Kapan Nikah adalah salah satu pertanyaan super menyebalkan di saat kumpul keluarga pada momen lebaran. Sialnya, pertanyaan itu seperti tidak punya ujung, dari kerja dimana, kapan punya anak, kalau udah tua pertanyaan nya berevolusi menjadi, kapan mantu, kapan punya cucu, mungkin ending dari pertanyaan itu adalah KAPAN MATI (kidding). Jujur, saya cukup penasaran dengan fenomena ini yang dimana bisa jadi orang yang memberikan pertanyaan itu tidak merasa bawah pertanyaan itu cukup offensive untuk beberapa orang. Jadi, saya akan bagi pembahasan ke dalam 3 hal yaitu : (1) Penyebab sehingga kita bisa memaklumi mengapa itu bisa terjadi, (2) Kenapa Sering terjadi kepada wanita dan (3) rekomendasi pertanyaan, iya dong, masak kita melakukan hal yang sama

Lingkungan Yang Homogen

Suspect utama kenapa ada pertanyaan tersebut adalah lingkungan yang homogen yang dimana mereka merasa bahwa kompas kebahagiaan adalah menikah sebelum umur sekian, setelah itu punya anak, punya cucu, dkk. Mereka tidak terbiasa dengan fenomena dimana ada beberapa orang yang sengaja tidak menikah cepat-cepat atau di umur 30 tahun belum menikah. Mungkin buat kamu itu normal, tapi sayangnya tidak buat mereka.

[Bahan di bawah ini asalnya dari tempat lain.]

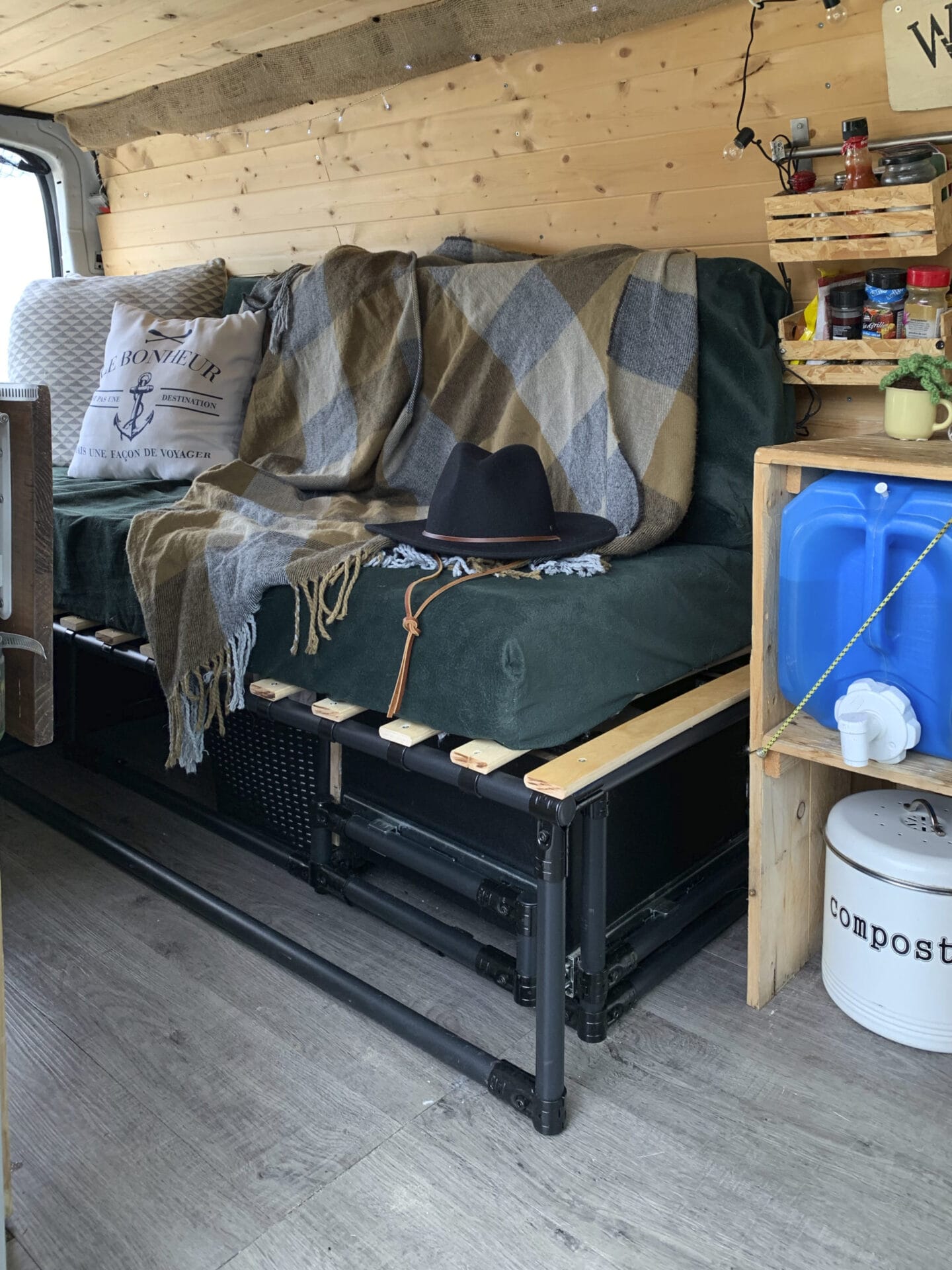 Vanlife - canapé-lit DIY avec tiroirs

Padahal rata-rata usia Oppa-Oppa Korea menikah untuk pertama kalinya adalah 33 hingga 34 tahun #ehh. Gampangnya gini, bayangkan kamu berada di lingkungan yang dari kecil hingga besar, rata-rata orang menikah di umur 22, tidak ada satupun orang yang belum menikah setelah umur 25 dan kamu tidak pernah terpapar referensi lain. Apa yang ada dipikiran kamu saat tau ada orang di umur 30-an belum menikah? Kemungkinan kamu pasti bertanya-bertanya, benar? Dan lebih jauh, kamu ada kemungkinan juga akan menasehatin dia.

Pada intinya, orang-orang yang bertanya atas kehidupan atau pilihan orang lain, kayak kapan nikah dkk, maennya kurang jauh aja, alhasil definisi kehidupan ideal ya hanya sebatas pengetahuannya dia saja. Kurang lebih flow pemikiran nya dia gini: Si X kok gak sesuai dengan standart ideal hidup baik versi saya –> Tanya karena penasaran –> Menasehatin.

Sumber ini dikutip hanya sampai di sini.